For the records that follow, please set down exactly the lines between the one holding "Adaptador USB para" and the one holding "Bowl & Basket", inclusive, and only those.

→ **Material for this exercise**
□ □ □

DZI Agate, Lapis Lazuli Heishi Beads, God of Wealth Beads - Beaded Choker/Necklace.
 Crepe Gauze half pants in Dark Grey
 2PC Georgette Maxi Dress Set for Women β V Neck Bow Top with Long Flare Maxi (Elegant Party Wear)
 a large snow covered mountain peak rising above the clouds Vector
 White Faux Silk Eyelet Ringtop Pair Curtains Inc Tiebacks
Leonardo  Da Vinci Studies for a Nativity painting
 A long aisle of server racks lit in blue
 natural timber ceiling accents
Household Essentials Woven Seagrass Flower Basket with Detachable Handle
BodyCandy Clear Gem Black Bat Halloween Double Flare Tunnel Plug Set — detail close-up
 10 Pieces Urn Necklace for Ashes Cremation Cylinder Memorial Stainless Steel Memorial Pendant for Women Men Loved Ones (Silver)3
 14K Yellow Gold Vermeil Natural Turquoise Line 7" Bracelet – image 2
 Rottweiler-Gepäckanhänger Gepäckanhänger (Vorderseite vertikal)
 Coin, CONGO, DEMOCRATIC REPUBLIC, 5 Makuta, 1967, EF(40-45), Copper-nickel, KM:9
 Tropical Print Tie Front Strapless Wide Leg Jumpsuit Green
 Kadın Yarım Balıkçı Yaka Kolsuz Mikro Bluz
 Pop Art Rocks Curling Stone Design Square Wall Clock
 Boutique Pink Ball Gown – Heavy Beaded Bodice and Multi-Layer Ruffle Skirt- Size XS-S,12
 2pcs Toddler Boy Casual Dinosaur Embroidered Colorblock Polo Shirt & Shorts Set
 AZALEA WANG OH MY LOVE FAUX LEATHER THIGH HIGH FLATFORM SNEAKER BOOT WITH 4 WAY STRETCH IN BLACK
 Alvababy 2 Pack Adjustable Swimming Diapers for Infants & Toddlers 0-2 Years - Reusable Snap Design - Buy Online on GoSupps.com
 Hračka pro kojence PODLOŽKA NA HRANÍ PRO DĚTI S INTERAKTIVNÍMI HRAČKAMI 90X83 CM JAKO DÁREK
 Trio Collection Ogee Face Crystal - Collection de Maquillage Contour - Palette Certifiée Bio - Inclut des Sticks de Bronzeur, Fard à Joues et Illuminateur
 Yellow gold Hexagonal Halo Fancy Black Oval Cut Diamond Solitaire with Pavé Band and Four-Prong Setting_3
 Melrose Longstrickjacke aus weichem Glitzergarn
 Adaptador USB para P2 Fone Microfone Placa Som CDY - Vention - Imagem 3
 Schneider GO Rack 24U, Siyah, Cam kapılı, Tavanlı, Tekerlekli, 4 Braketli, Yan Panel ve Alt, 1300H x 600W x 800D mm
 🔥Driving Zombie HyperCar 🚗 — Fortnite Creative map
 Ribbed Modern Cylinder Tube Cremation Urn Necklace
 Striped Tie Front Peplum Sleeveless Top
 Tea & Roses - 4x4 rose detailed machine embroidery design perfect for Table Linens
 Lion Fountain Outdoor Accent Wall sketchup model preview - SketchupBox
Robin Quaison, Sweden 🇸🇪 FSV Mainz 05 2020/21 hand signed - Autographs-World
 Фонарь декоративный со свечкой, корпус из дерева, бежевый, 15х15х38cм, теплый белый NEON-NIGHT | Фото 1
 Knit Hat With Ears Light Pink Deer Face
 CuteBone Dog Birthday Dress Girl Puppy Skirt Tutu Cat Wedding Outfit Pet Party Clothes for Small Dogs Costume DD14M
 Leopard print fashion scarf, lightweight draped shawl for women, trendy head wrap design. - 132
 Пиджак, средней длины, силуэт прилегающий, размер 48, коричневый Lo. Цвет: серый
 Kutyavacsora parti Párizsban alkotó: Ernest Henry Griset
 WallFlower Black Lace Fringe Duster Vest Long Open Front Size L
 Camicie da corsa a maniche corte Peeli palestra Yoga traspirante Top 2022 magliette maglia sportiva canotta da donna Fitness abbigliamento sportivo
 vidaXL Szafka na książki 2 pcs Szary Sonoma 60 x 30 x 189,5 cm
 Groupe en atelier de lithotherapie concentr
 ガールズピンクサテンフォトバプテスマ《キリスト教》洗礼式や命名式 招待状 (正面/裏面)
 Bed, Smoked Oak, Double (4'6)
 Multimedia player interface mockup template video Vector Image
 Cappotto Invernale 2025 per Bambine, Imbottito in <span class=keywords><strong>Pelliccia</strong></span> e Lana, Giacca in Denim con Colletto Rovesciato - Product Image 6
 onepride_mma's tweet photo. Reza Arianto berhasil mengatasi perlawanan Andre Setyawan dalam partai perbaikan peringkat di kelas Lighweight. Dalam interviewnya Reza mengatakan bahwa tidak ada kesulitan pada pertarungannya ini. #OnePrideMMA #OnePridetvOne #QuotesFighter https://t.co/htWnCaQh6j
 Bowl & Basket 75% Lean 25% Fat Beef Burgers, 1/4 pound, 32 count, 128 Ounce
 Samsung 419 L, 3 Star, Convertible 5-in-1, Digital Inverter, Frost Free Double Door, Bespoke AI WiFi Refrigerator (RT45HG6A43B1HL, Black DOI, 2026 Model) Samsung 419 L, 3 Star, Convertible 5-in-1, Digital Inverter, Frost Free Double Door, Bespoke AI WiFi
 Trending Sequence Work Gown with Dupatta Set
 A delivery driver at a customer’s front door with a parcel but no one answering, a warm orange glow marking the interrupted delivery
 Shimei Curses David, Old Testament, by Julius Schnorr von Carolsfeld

□ □ □

→ **Written solution**
 Adaptador USB para P2 Fone Microfone Placa Som CDY - Vention - Imagem 3
 Schneider GO Rack 24U, Siyah, Cam kapılı, Tavanlı, Tekerlekli, 4 Braketli, Yan Panel ve Alt, 1300H x 600W x 800D mm
 🔥Driving Zombie HyperCar 🚗 — Fortnite Creative map
 Ribbed Modern Cylinder Tube Cremation Urn Necklace
 Striped Tie Front Peplum Sleeveless Top
 Tea & Roses - 4x4 rose detailed machine embroidery design perfect for Table Linens
 Lion Fountain Outdoor Accent Wall sketchup model preview - SketchupBox
Robin Quaison, Sweden 🇸🇪 FSV Mainz 05 2020/21 hand signed - Autographs-World
 Фонарь декоративный со свечкой, корпус из дерева, бежевый, 15х15х38cм, теплый белый NEON-NIGHT | Фото 1
 Knit Hat With Ears Light Pink Deer Face
 CuteBone Dog Birthday Dress Girl Puppy Skirt Tutu Cat Wedding Outfit Pet Party Clothes for Small Dogs Costume DD14M
 Leopard print fashion scarf, lightweight draped shawl for women, trendy head wrap design. - 132
 Пиджак, средней длины, силуэт прилегающий, размер 48, коричневый Lo. Цвет: серый
 Kutyavacsora parti Párizsban alkotó: Ernest Henry Griset
 WallFlower Black Lace Fringe Duster Vest Long Open Front Size L
 Camicie da corsa a maniche corte Peeli palestra Yoga traspirante Top 2022 magliette maglia sportiva canotta da donna Fitness abbigliamento sportivo
 vidaXL Szafka na książki 2 pcs Szary Sonoma 60 x 30 x 189,5 cm
 Groupe en atelier de lithotherapie concentr
 ガールズピンクサテンフォトバプテスマ《キリスト教》洗礼式や命名式 招待状 (正面/裏面)
 Bed, Smoked Oak, Double (4'6)
 Multimedia player interface mockup template video Vector Image
 Cappotto Invernale 2025 per Bambine, Imbottito in <span class=keywords><strong>Pelliccia</strong></span> e Lana, Giacca in Denim con Colletto Rovesciato - Product Image 6
 onepride_mma's tweet photo. Reza Arianto berhasil mengatasi perlawanan Andre Setyawan dalam partai perbaikan peringkat di kelas Lighweight. Dalam interviewnya Reza mengatakan bahwa tidak ada kesulitan pada pertarungannya ini. #OnePrideMMA #OnePridetvOne #QuotesFighter https://t.co/htWnCaQh6j
 Bowl & Basket 75% Lean 25% Fat Beef Burgers, 1/4 pound, 32 count, 128 Ounce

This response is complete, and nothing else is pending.